For example, Moscow and the southern extremes of Alaska are further south than Edinburgh.

The study, published in the Nature Food journal, examines a "fast and early" collapse of the all-important current pattern.

Although the collapse is currently considered a 'low-probability' - the AMOC has weakened by an estimated 15 per cent over the last 50 years.

Professor Tim Lenton, Exeter University's Global Systems Institute lead, said worst-case scenarios must be considered when calculating risks.

He added: "Any risk assessment needs to get a handle on the large impacts if such a tipping point is reached, even if it is a low-probability event.

"The point of this detailed study was to discover how stark the impacts of AMOC collapse could be."

The study follows a recent paper by the professor and his colleagues warning of a possible "cascade" of inter-related tipping points.

Professor Lenton said the new study reinforces the message that we would be "wise" to act now to minimise the risk of passing climate tipping points.

Growing crops is generally more profitable than using land as pasture for livestock rearing, but much of northern and western Britain is unsuitable for arable farming.

Professor Ian Bateman added: "With the land area suitable for arable farming expected to drop from 32 per cent to seven per cent under AMOC collapse, we could see a major reduction in the value of agricultural output.

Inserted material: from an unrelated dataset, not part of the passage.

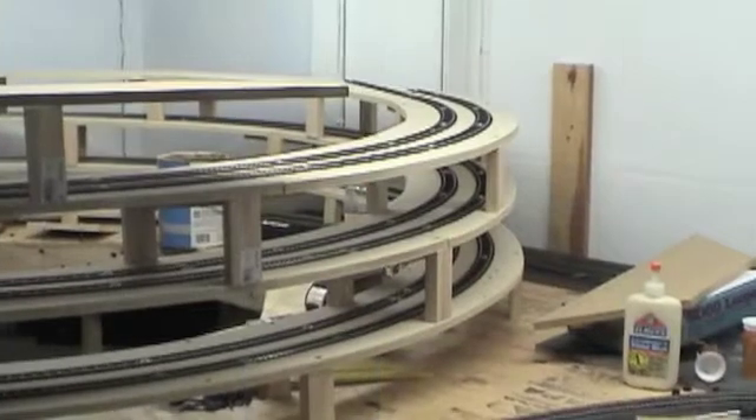Hey folks, Tim here at FT Lock 'For the Love of Trains.' Welcome back — helix update construction number four, and hopefully this will be the final one. I have to add one more revolution onto my helix. I was originally going to do about three and a half turns, but now I'm going to have to go up about four and a half turns.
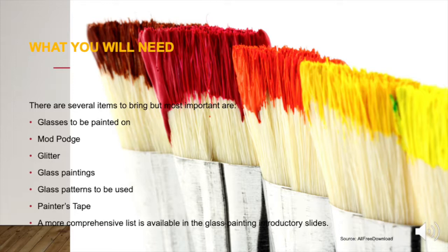What will you need? There are several items to bring, but most important are the glasses that you will paint on, mud pod, glitter, glass paintings, glass patterns to be used, painter's tape. A more comprehensive list is available in the glass painting introductory slides.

"In this scenario, we estimate a decrease of £346 million per year - a reduction of over ten per cent in the net value of British farming."

Speaking about the expectation that moderate warming would boost agricultural production in Britain, he added: "It's important to note that the wider effects for the UK and beyond will be very negative as import costs rise steeply and the costs of most goods climb."

The study focuses on agriculture, but AMOC collapse and the resulting temperature drop could lead to a host of other economic costs for the UK.